The duck breast and peaches was delicious: sweet fruity flavors with savory duck breast, served with a pomme fondant that was beautifully crisp outside and piping hot and creamy soft inside, haricots verts and a well-reduced, silky pan jus. The risotto was creamy and full of flavor with nicely plumped, soft rice grains that still had a bite.

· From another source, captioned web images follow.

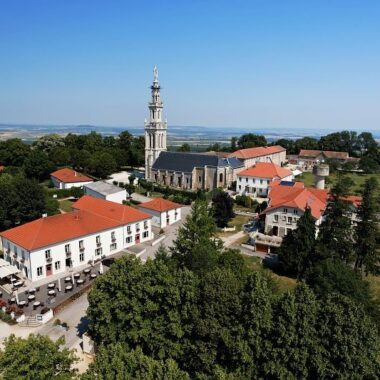 vue aérienne de la basilique de Sion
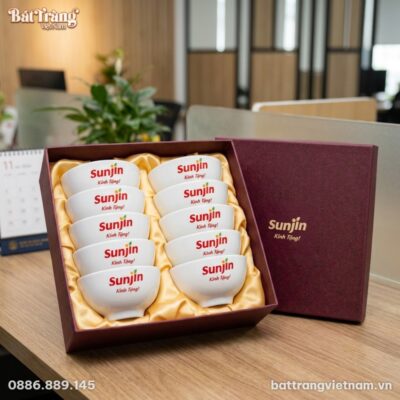 Ảnh chụp cận cảnh góc nghiêng bộ chén sứ trắng ...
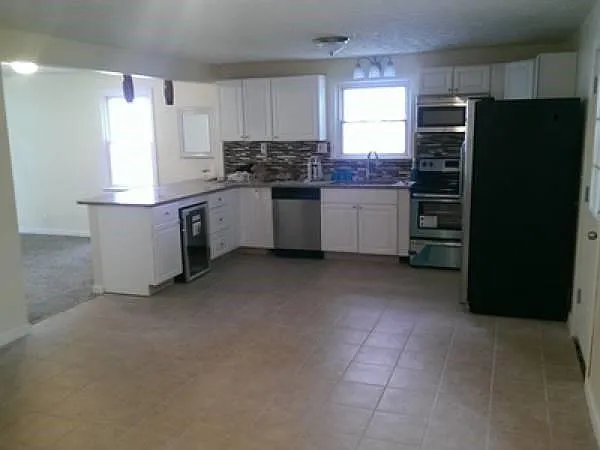 615 Parkside Dr — Photo 9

I am not overly familiar with classic British desserts, and it was the first time ever I had an "Eton Mess". Going on the name, it was a good mess of meringue, fruit and whipped cream. This one had ice cream in the bottom of the glass, similar to a Marco Pierre White Eton Mess recipe I found online. It was the hot raspberry soufflĂ© that had me ooh-ing and aah-ing. It had risen beautifully straight up, and was delightfully fluffy and light, perfused with the sweet taste of fresh raspberry.

bring me more!
Titanic is housed in the stylish Melia Hotel in Bur Dubai, and very easy to find. There's a sign post on Kuwait street, after which you more or less drive straight into the valet basement. Should you come by car, that is. Taxis will have no problem finding it either. Once you've entered through the porthole door, the restaurant looks inviting, decked out in soft whites, creams and glittery shiny beady frills dangling from the ceiling. The central bar separates the restaurant from the lounge. Strategically placed high-backed benches around the room visually confine the restaurant and create an intimate feeling. There is a marble centerpiece that adds to the allure. Obviously encouraged by the name of the restaurant, I could imagine being in a dining room on a luxury cruise way back when. Titanic is neither "Michelin formal" nor is it "casual" (referring once more to the interview with MPW). I'd say it is elegantly smart, and with a menu to match.


elegant and romantic




5 comments:

  1. Brilliant review. I second every comment :) The journey to Bur Dubai is worth it for the foie gras (agree poached egg would serve it better) and the hot raspberry souffle alone. I hope it gets busier in the evenings...

    ReplyDelete
  2. Love the look of that souffle - I bit like a little pink breast with a raspberry nipple though...
    Sounds pretty good - will have to get down. Maybe a quail egg with the foie gras - agree it looks sloppy. Needs a smaller feature.

    ReplyDelete
  3. A quail egg was what we discussed first, yes great minds think alike. The dish can easily handle a bigger egg than a quail egg though, just not a large fried one on a "piece of toast".

    ReplyDelete
  4. Looks very elegant and the souffle divine. Lunch was probably a good option (nap after?!)

    ReplyDelete
  5. Ah Sally, I wish! It was back to Meadows, pick up son, off to near Safa park, watch martial arts class (matches holding up eyelids) and dinner at Kabab BQ after (promise to son). What do you mean, gluttony all over???